Data entries:
══════════

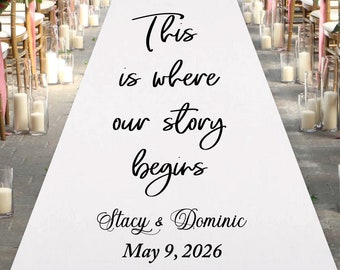 Custom This Is Where Our Story Begins Personalized Wedding Aisle Runner, Wedding Ceremony Personalized Aisle Runner MAE21-R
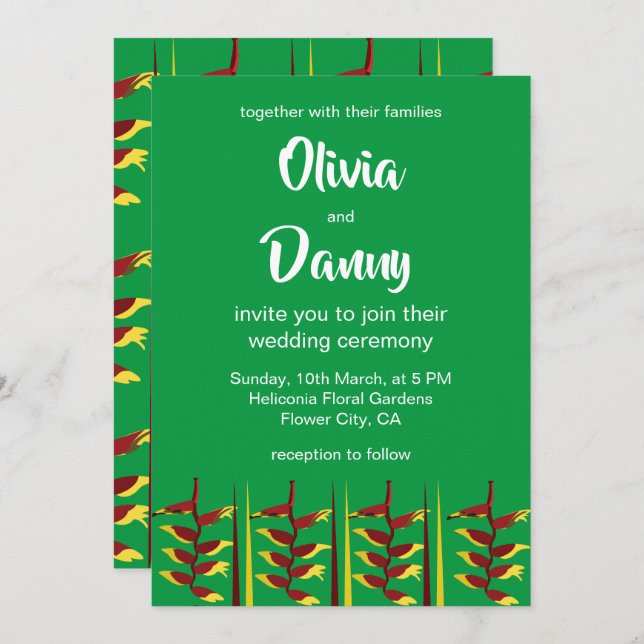 Heliconia Flower Floral Wedding  Invitation (Front/Back)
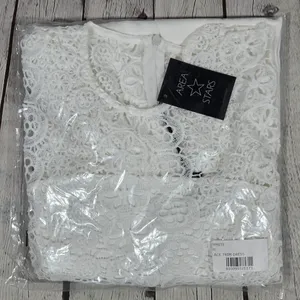 Area‎ Stars White Lace Trim Dress Medium NWT Crochet Boho Coquette Mini thumbnail 11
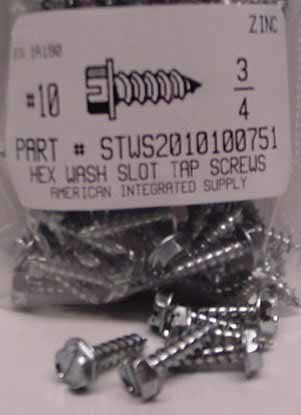 #10X3/4 HEX WASHER HEAD SLOTTED TAPPING SCREW TYPE A STEEL ZINC PLATED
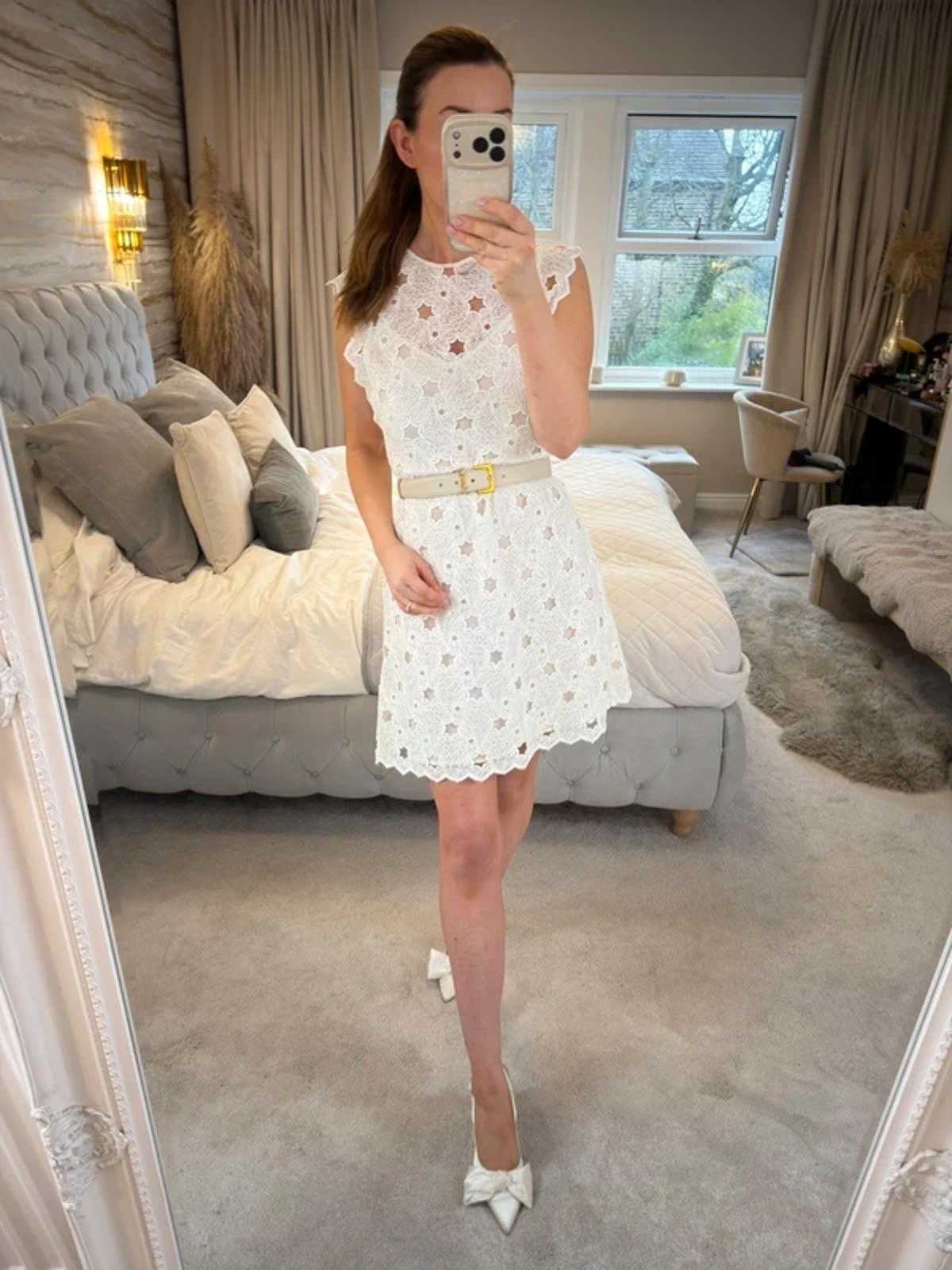 Zara White Lace Star Mini Dress Small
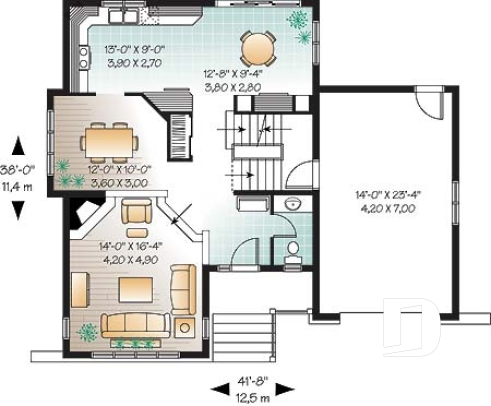 Rez-de-chaussée - Plan maison champêtre, 3 chambres, garage, salon en contrebas, salle lavage à l'étage - Chandonnet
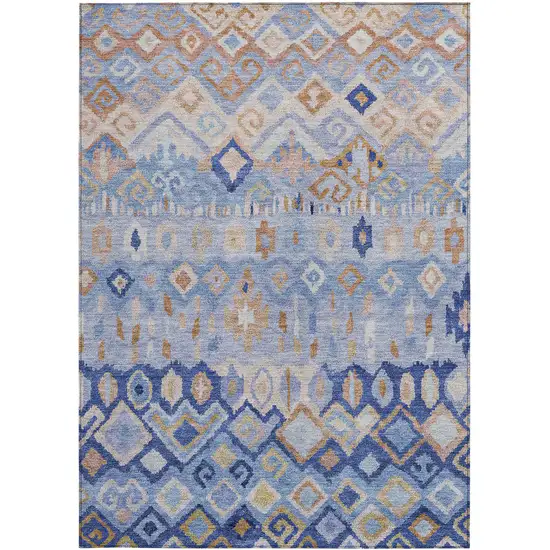Blue And Taupe Geometric Washable Indoor Outdoor Area Rug Photo 4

══════════

Task statement: Transcribe exactly, and only, the lines from the one with "Rez-de-chaussée - Plan" through the final line of the data above. The pictures stay out.

Task solution:
 Rez-de-chaussée - Plan maison champêtre, 3 chambres, garage, salon en contrebas, salle lavage à l'étage - Chandonnet
Blue And Taupe Geometric Washable Indoor Outdoor Area Rug Photo 4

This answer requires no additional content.